Written by Dan Kusnetzky, Contributor

eGenera announced today that Fujitsu has joined both eGenera and Dell in the PAN Manager club. Now there are three suppliers of industry standard systems that can offer off-the-shelf systems that can be joined together to create a unified computing environment. It also demonstrates that it is not necessary to purchase systems that are based upon a single vendor's choice of network, storage and other critical system components unless that meets the business objectives of the organization.

What eGenera has to say about this announcement

Egenera today announced it has added PAN Manager® Software support for the Fujitsu PRIMERGY® BX900 Blade Server, in addition to existing support for Dell hardware and Egenera’s own BladeFrame® offering – continuing its thrust to deliver converged infrastructure solutions compatible with multiple vendors’ servers and Virtual Machine (VM) technologies. Converged Infrastructure – also referred-to as unified computing – simplifies data center infrastructure management by pooling server, I/O, networking and storage resources, and then reallocating them automatically.

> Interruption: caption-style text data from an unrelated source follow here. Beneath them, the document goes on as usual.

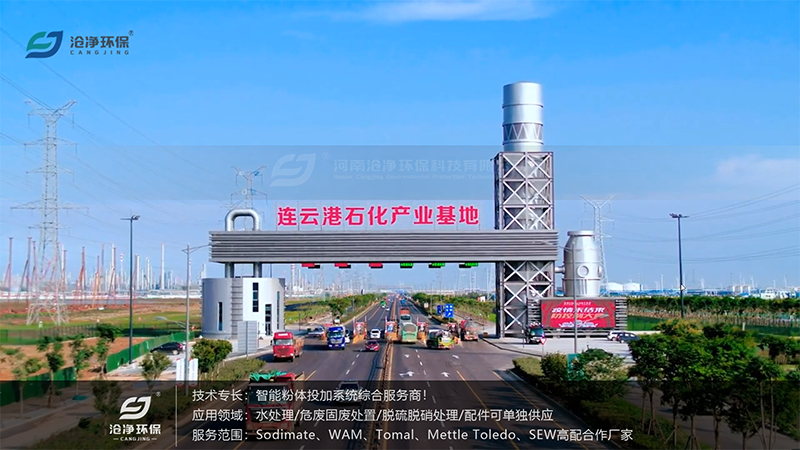 全自動純堿投加裝置-廠區(qū)環(huán)境 全自動純堿投加裝置-廠區(qū)環(huán)境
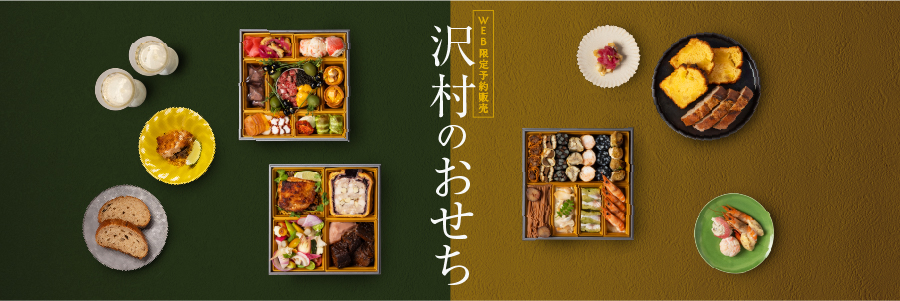 <b>2026年9月25日(金)より、「沢村のおせち2027」予約販売開始</b>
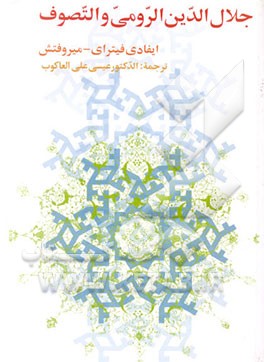 کتاب جلال الدین الرومی و التصوف اثر اوادو وی‍ت‍ره‌-‌م‍ی‍ی‍رووی‍ش‌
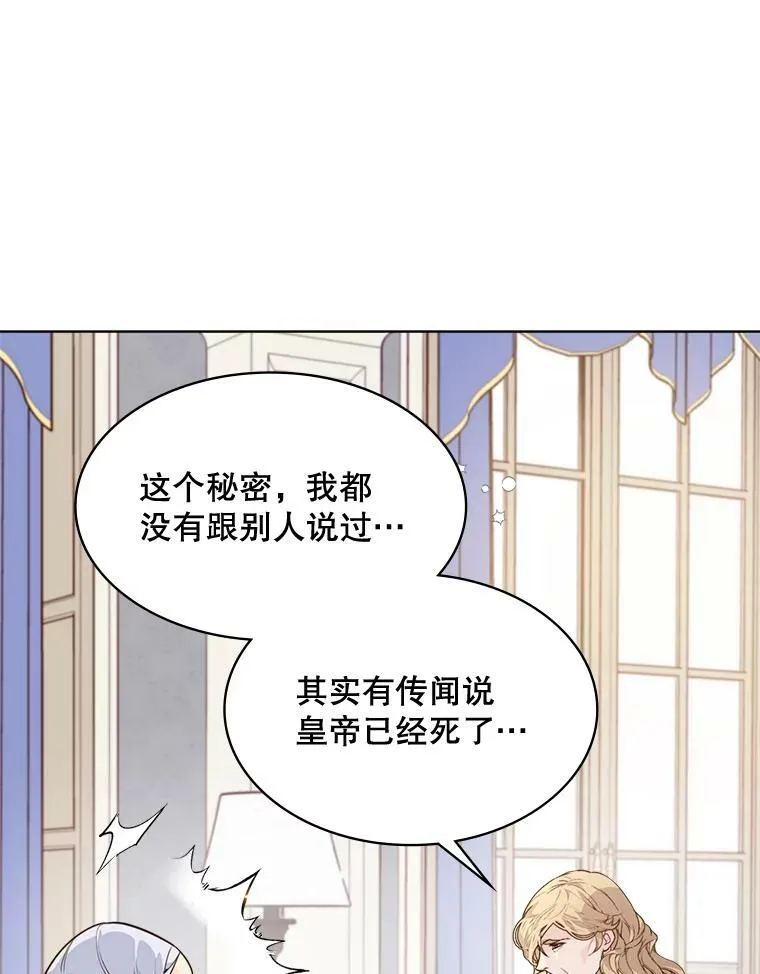 39.阴谋 第87页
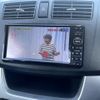 daihatsu move 2014 CFJ1652883 image 13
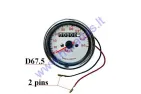 UNIVERSAL SPEEDOMETER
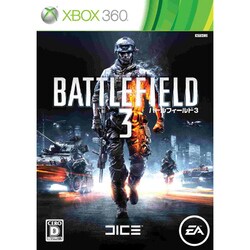 ヨドバシ Com エレクトロニック アーツ E A Xbox360 バトルフィールド 3 Xbox360ソフト 通販 全品無料配達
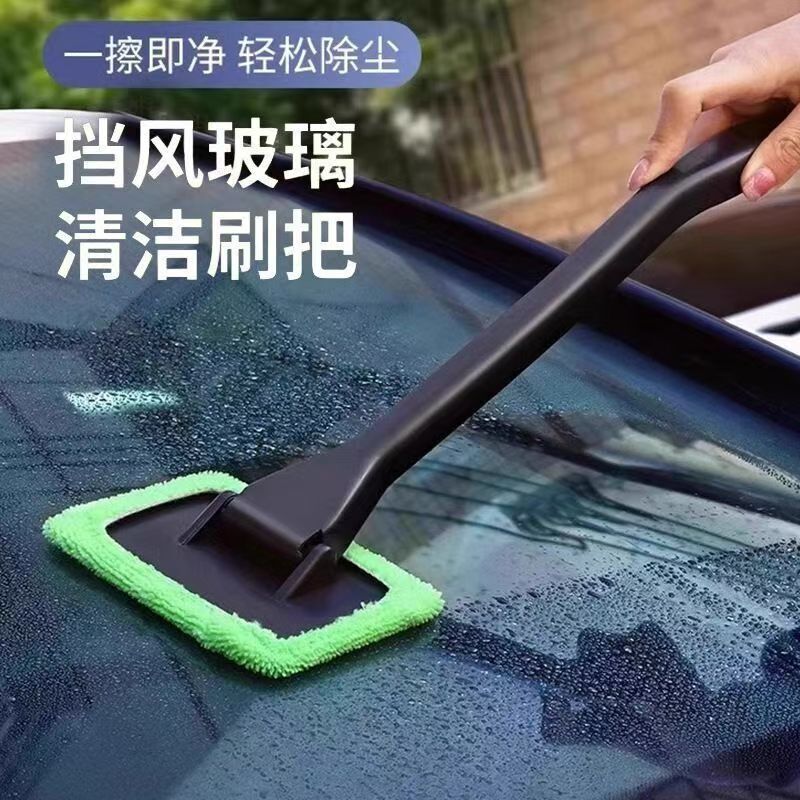 Car Windshield Cleaning Brush, Household Tool, Defogging Brush, Car Window Cleaning Brush, Dust Removal Car Cleaning Tool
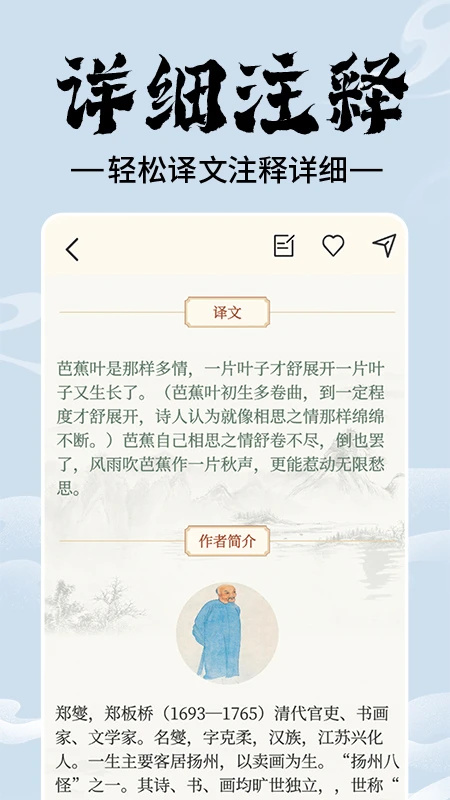 上林赋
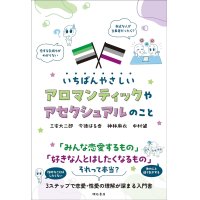 いちばんやさしいアロマンティックやアセクシュアルのこと / 三宅大二郎 (著), 今徳はる香 (著), 神林麻衣 (著), 中村健 (著)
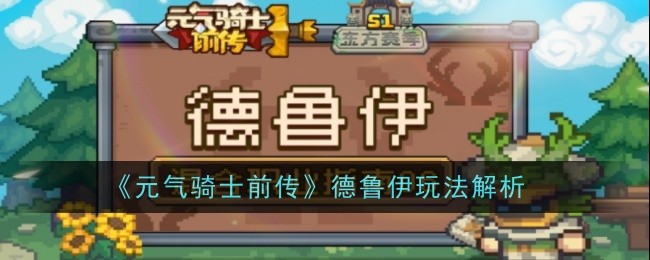 《元气骑士前传》德鲁伊玩法解析-第1张图片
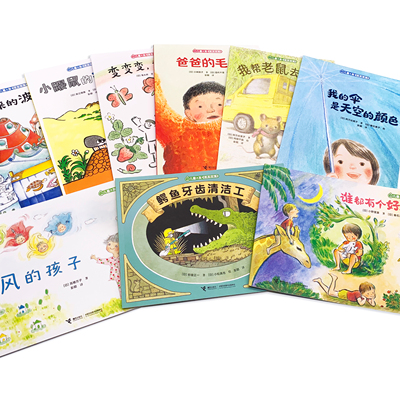 儿童之友系列图书绘本 9册张丹丹推荐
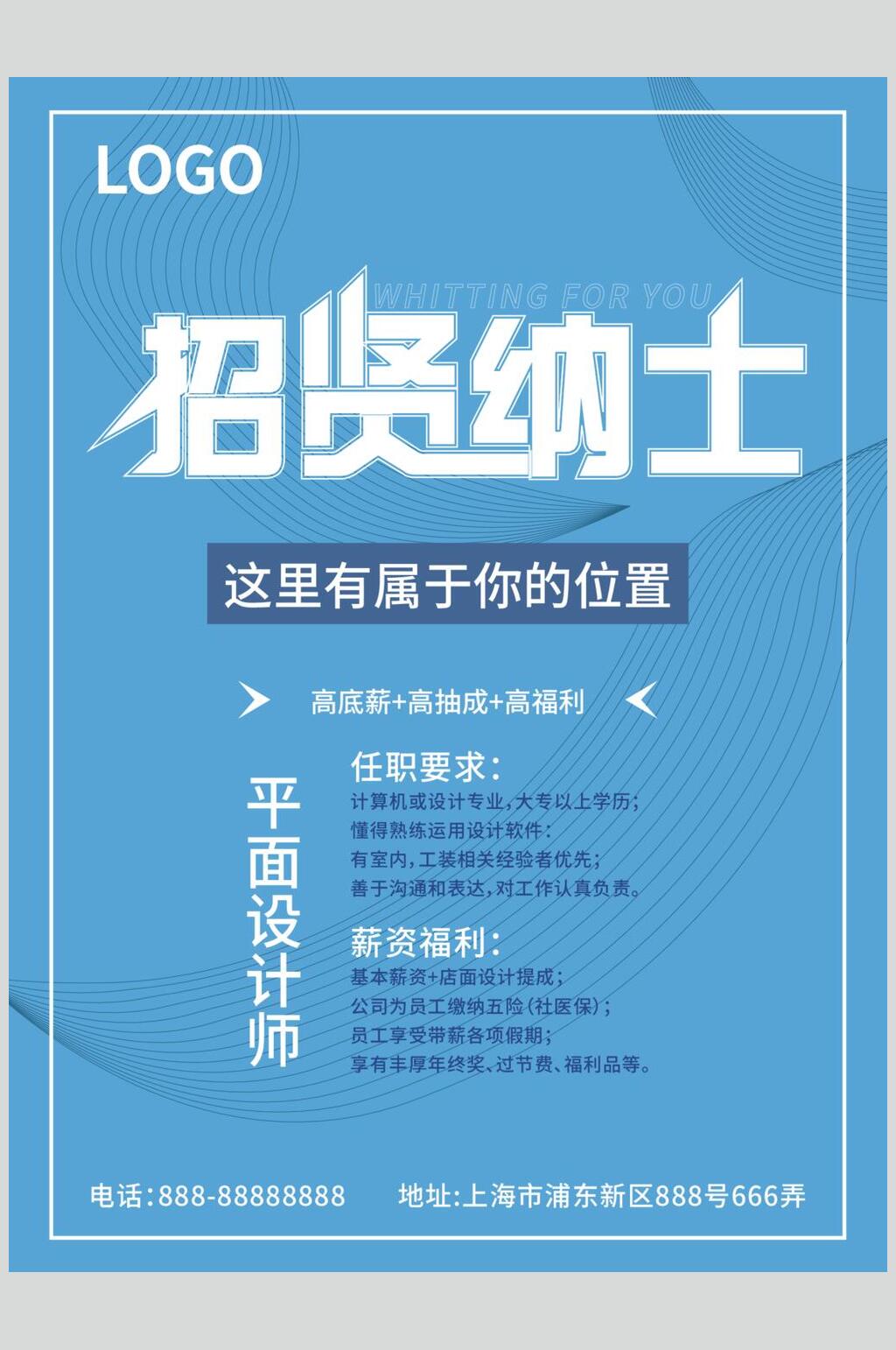 招贤纳士企业招聘宣传矢量海报素材素材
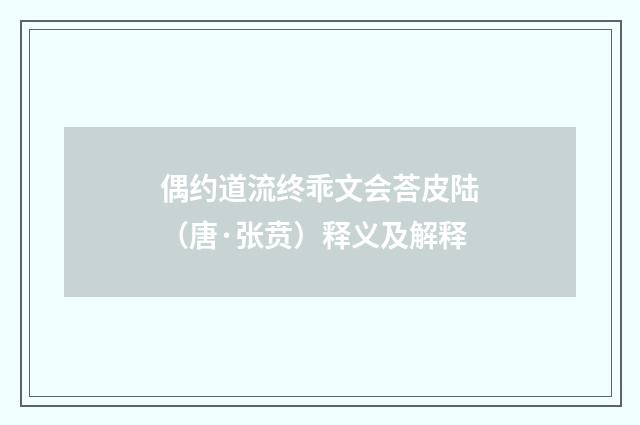 偶约道流终乖文会荅皮陆（唐·张贲）释义及解释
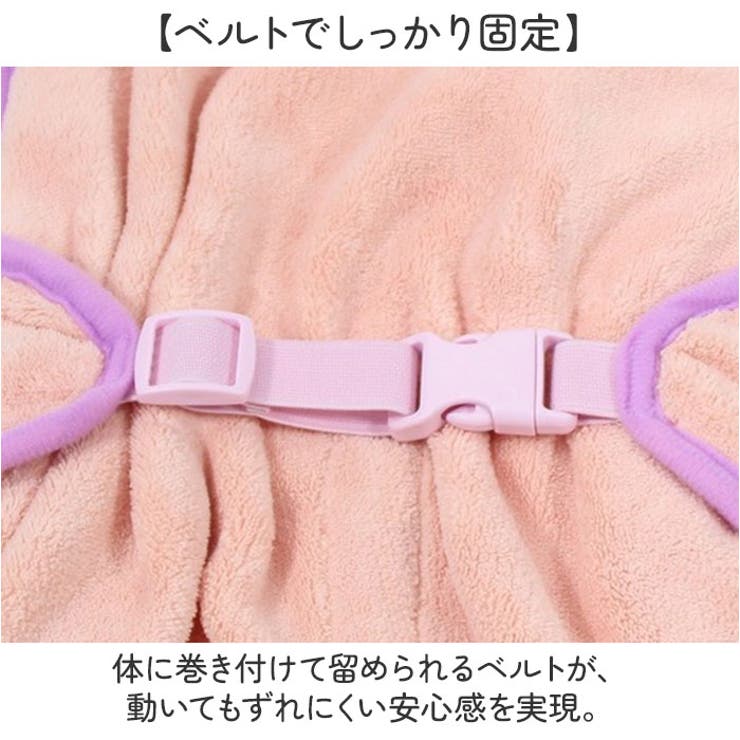 犬用 猫用 ペット バスタオル バスローブ 調整可能 | BACKYARD FAMILY | 詳細画像5 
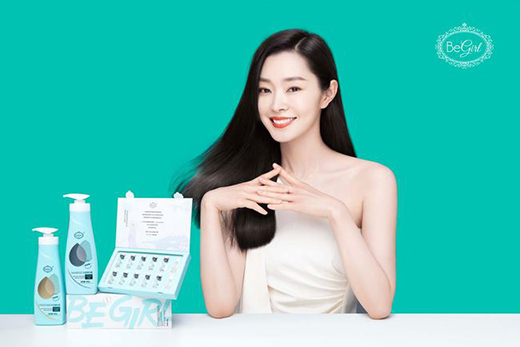 Begirl抗初老新品來(lái)襲，軼起開啟頭皮護(hù)膚體驗(yàn)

About Egenera PAN Manager Software
PAN Manager Software is a form of converged infrastructure that combines the simplification benefits of unified computing with integrated high availability and disaster recovery services for both physical and virtual servers. The software uses standard servers and standard Ethernet to create resource pools that can be rapidly and automatically re-allocated based on business requirements. The result is a simple-to-configure, business-critical infrastructure with massive efficiencies and low-cost operation. The software currently supports hardware available from Egenera, Dell and Fujitsu, and storage from 3Par, Dell, EMC, Fujitsu, HDS, HP, IBM, NetApp and others.

Snapshot Analysis

IT and facilities folks loved mainframes because everything (processors, memory, storage and networking functions) was tightly coupled and, thus, much easier to manage. Industry standard systems, however, took a different approach, i.e., a box for every function and a different vendor for every box.  While this allowed the environment to grow and develop rapidly, it also created complexity.

As any administrator would tell you, complexity leads directly to increased costs, greater opportunity for a problem and can be the enemy of smooth operations over the long term. So, now we see the industry moving back towards a more tightly integrated environment once again.

eGenera was one of the first supplier of industry standard systems that went down that path.  I've followed the company for a very long time and have always thought that they offered a very powerful computing solution.

During the early years, I often suggested that PAN Manager, the software that made the environment appear unified and easy to manage, was much too good for eGenera to keep to itself. I guess that all of the customers, analysts and journalists saying the same thing must have eventually convinced the company that it had to broaden its base. The first partner was Dell and now Fujitsu. PAN Manager also supports components from an impressive array of other partners.

This proves that it is possible to build a unifed computing environment without having to resort to using a single vendor solution that may include lock-ins that an organization may not wish to accept. This will also be seen has a great move by resellers and solutions suppliers who want to build using this technology, but don't like the terms and conditions offered by other suppliers.

I wouldn't be at all surprised to learn about other suppliers joining the club in the future.